▶ EXERCISE
In the entries below, locate the line with "Shop Vivienne Westwood", then give again that line and all lines after it, exactly, with pictures omitted.

▶ SUPPLIED INFORMATION
---*---
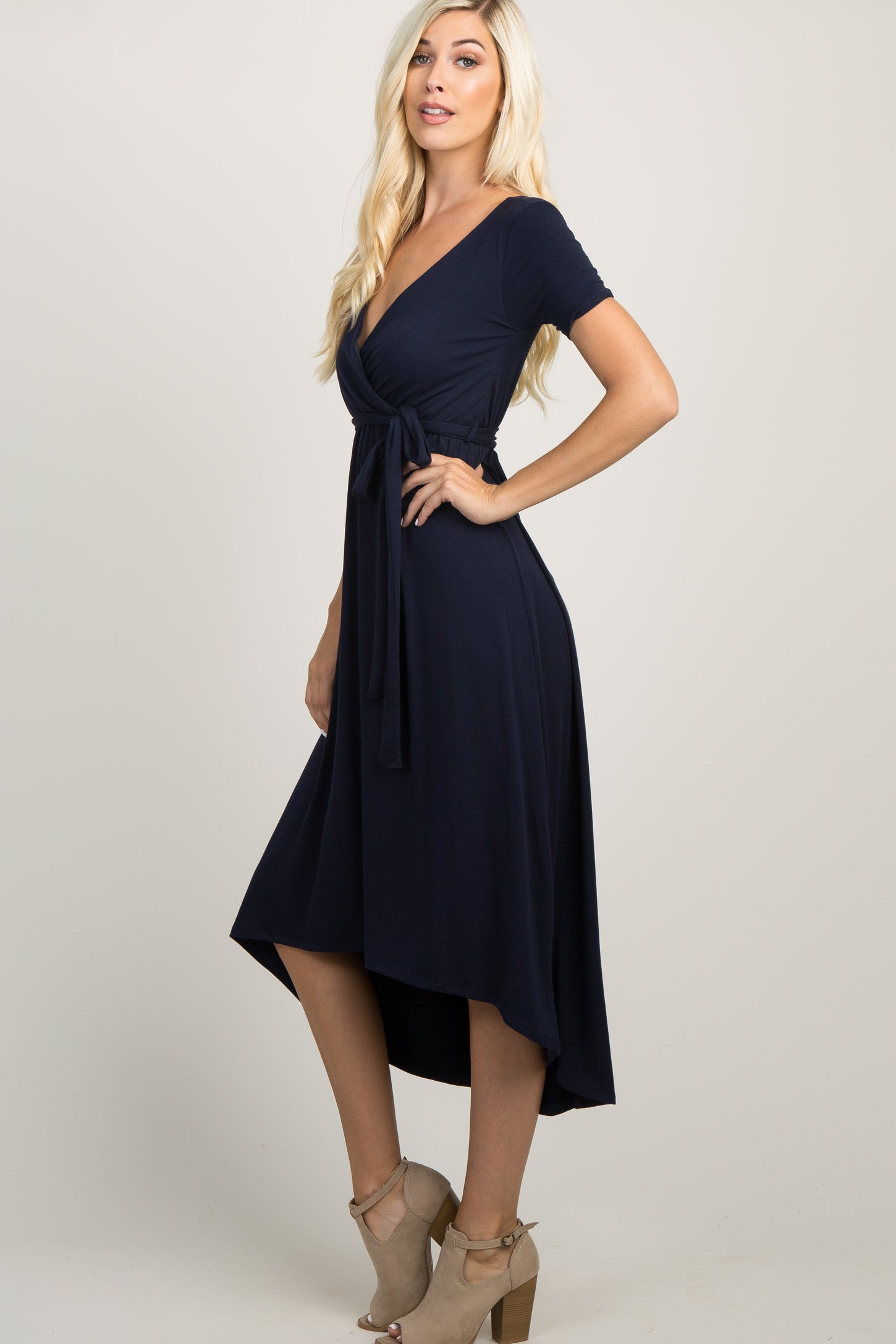 PinkBlush Navy Blue Solid Hi-Low Maternity Wrap Dress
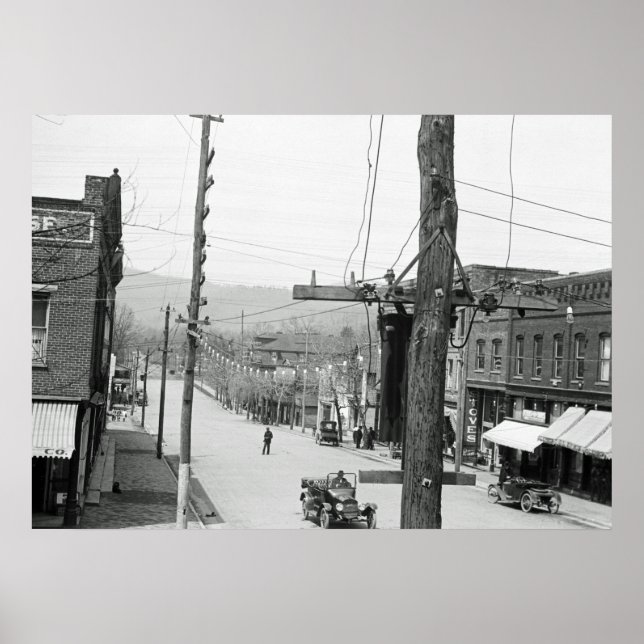 Vintage Photograph Asheville North Carolina 1916 Poster (Framsidan)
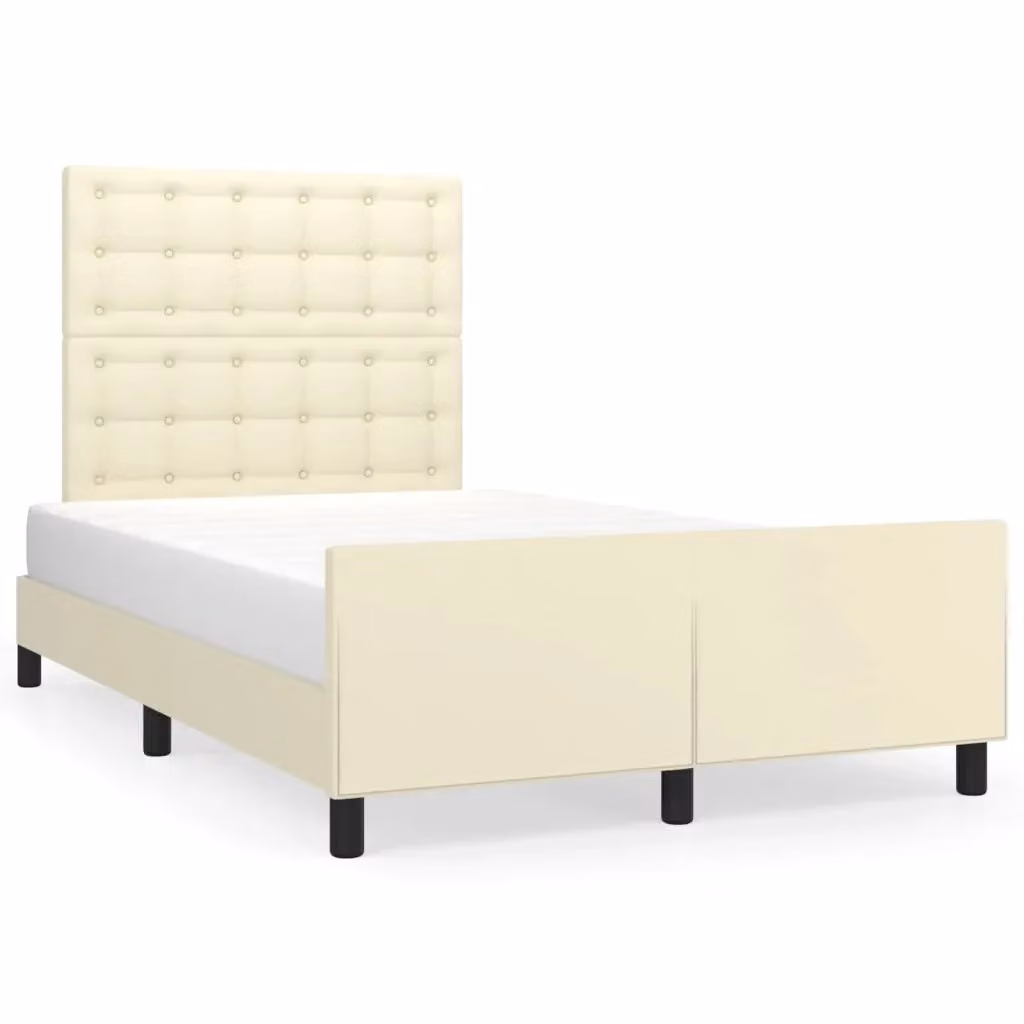 vidaXL Giroletto con Testiera in Similpelle Beige L/P: 120 x 200 cm – 2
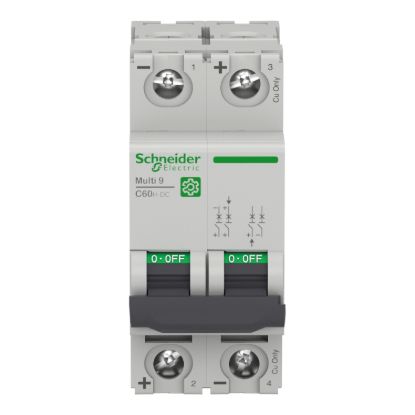 Picture of Miniature circuit breaker (MCB), Multi9 C60H-DC, 2P, 20A, C curve, 5kA (UL1077), 6kA (IEC/EN 60947-2)
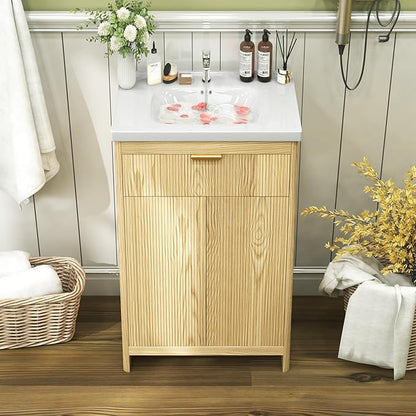 24" Modern Bathroom Vanity with Ceramic Sink, 2 Doors & 1 Drawer, Wooden Storage Cabinet, Actual 23.6" L x 18.5" W x 35.4" H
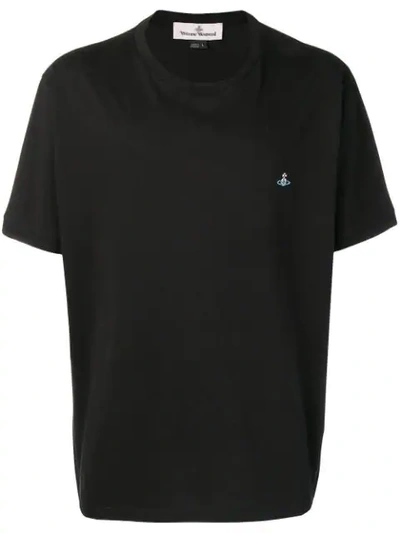 Shop Vivienne Westwood Small Logo Embroidered T-shirt In Black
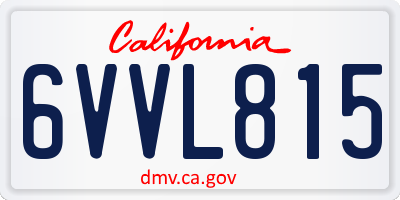CA license plate 6VVL815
---*---
▶ YOUR RESPONSE
 Shop Vivienne Westwood Small Logo Embroidered T-shirt In Black
CA license plate 6VVL815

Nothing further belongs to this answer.